Leitsatz (amtlich)
§ 9 Abs. 1 Nr. 4 EStG 1967 gilt nicht für Aufwendungen für Fahrten zwischen Wohnung und Arbeitsstätte, wenn es sich bei dieser um eine zweite, entfernt liegende Arbeitsstätte handelt und der Arbeitnehmer aus diesem Grunde nicht am selben Arbeitstag, sondern erst nach einer oder mehreren Übernachtungen an seinen Wohnort zurückkehrt. Solche Aufwendungen sind als Werbungskosten nach § 9 Abs. 1 Satz 1 EStG 1967 zu berücksichtigen.
Normenkette
EStG 1967 § 9 Abs. 1 Nr. 4
Tatbestand
Der Kläger und Revisionskläger (Steuerpflichtige) hatte im Streitjahr 1967 seinen Wohnsitz in F. Er war Rechtsreferendar und als solcher nacheinander mehreren Dienststellen zugeteilt. Daneben war er während des ganzen Jahres in einem zweiten Arbeitsverhältnis als wissenschaftlicher Assistent an der Universität K., Abteilung Ausländisches und Internationales Strafrecht, tätig. Die Bezüge des Steuerpflichtigen aus seinem ersten Arbeitsverhältnis betrugen 6 499 DM, aus dem zweiten Arbeitsverhältnis 3 700 DM.

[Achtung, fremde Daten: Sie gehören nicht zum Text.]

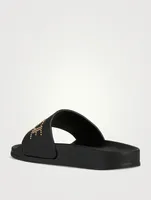 Leather Studded Logo Pool Slide Sandals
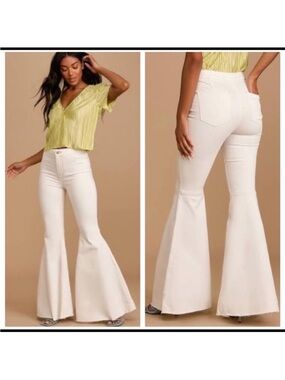 Free People Just Float On Flare Bell Bottom White Jeans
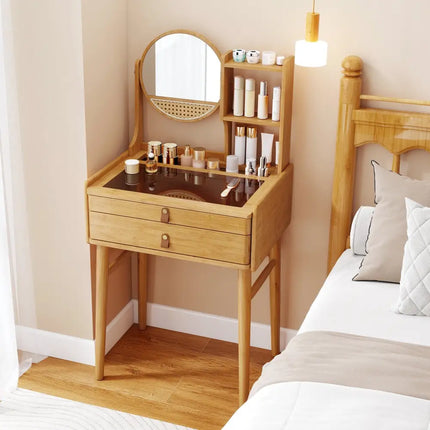 Small Vanity Desk 23.5 Inch Compact Makeup Table with Mirror-Natural - Natural - Makeup Vanities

Das Finanzamt (FA) berücksichtigte die teils mit eigenem PKW, teils mit der Bundesbahn ausgeführten insgesamt 23 Fahrten zwischen F. und K. (Entfernung rd. 400 km) nur insoweit, als sie bei einer Entfernung von 40 km entstanden wären.
Die Klage wurde abgewiesen. Das Finanzgericht (FG) teilte die Auffassung, daß unter der für das Streitjahr geltenden Fassung des § 9 Abs. 1 Nr. 4 EStG Fahrten zwischen Wohnung und Arbeitsstätte auch bei einem zweiten Arbeitsverhältnis nur bis zur Entfernung von 40 km berücksichtigungsfähig seien. Weder aus dem Wortlaut noch aus dem Sinnzusammenhang dieser Gesetzesvorschrift sei zu entnehmen, daß die einschränkende Regelung nur für Fahrten im Zusammenhang mit dem ersten Arbeitsverhältnis gelten sollte. Zu dem gleichen Ergebnis komme man bei Berücksichtigung des Zwecks und der Entstehungsgeschichte der Vorschrift. Aus der Entstehungsgeschichte ergebe sich nur, daß hinsichtlich der Aufwendungen für Fahrten zwischen Wohnung und Arbeitsstätte der allgemeine Grundsatz, nach dem Werbungskosten in voller Höhe abzugsfähig seien, bewußt aufgrund von verkehrspolitischen Erwägungen und um den Finanzbedarf des Staates sicherzustellen, durchbrochen werden sollte. Für die Auffassung, die Durchbrechung solle bei mehreren Arbeitsverhältnissen auf das erste Arbeitsverhältnis beschränkt bleiben, spreche nichts. Dem Gesichtspunkt, daß bei einem zweiten Arbeitsverhältnis die Fahrten zwischen Wohnung und Arbeitsstätte, auch soweit sie über 40 km hinausgingen, stets berufsbedingt seien, weil der Arbeitnehmer am Ort der Arbeitsstätte seines ersten Arbeitsverhältnisses wohnen müsse, komme keine Bedeutung zu. Die Auffassung des Steuerpflichtigen lasse sich auch nicht damit begründen, daß der Bundesfinanzhof (BFH) in seiner früheren Rechtsprechung davon ausgegangen sei, die 40-km-Grenze gelte nicht, wenn der Arbeitnehmer zwei Arbeitsverhältnisse habe (vgl. Entscheidung VI 75/61 U vom 23. Februar 1962, Sammlung der Entscheidungen des Bundesfinanzhofs Bd. 74 S. 510 – BFH 74, 510 –, BStBl III 1962, 191). Unter der vorhergehenden Regelung sei der Rechtsprechung ein größerer Spielraum verblieben. Nachdem sich die Einzelheiten der Regelung nunmehr aus dem Gesetz ergäben, sei für eine Auslegung im Sinne des Steuerpflichtigen kein Raum. Die Neuregelung verstoße auch weder gegen Art. 3 Abs. 1 noch gegen Art. 12 Abs. 1 des Grundgesetzes GG.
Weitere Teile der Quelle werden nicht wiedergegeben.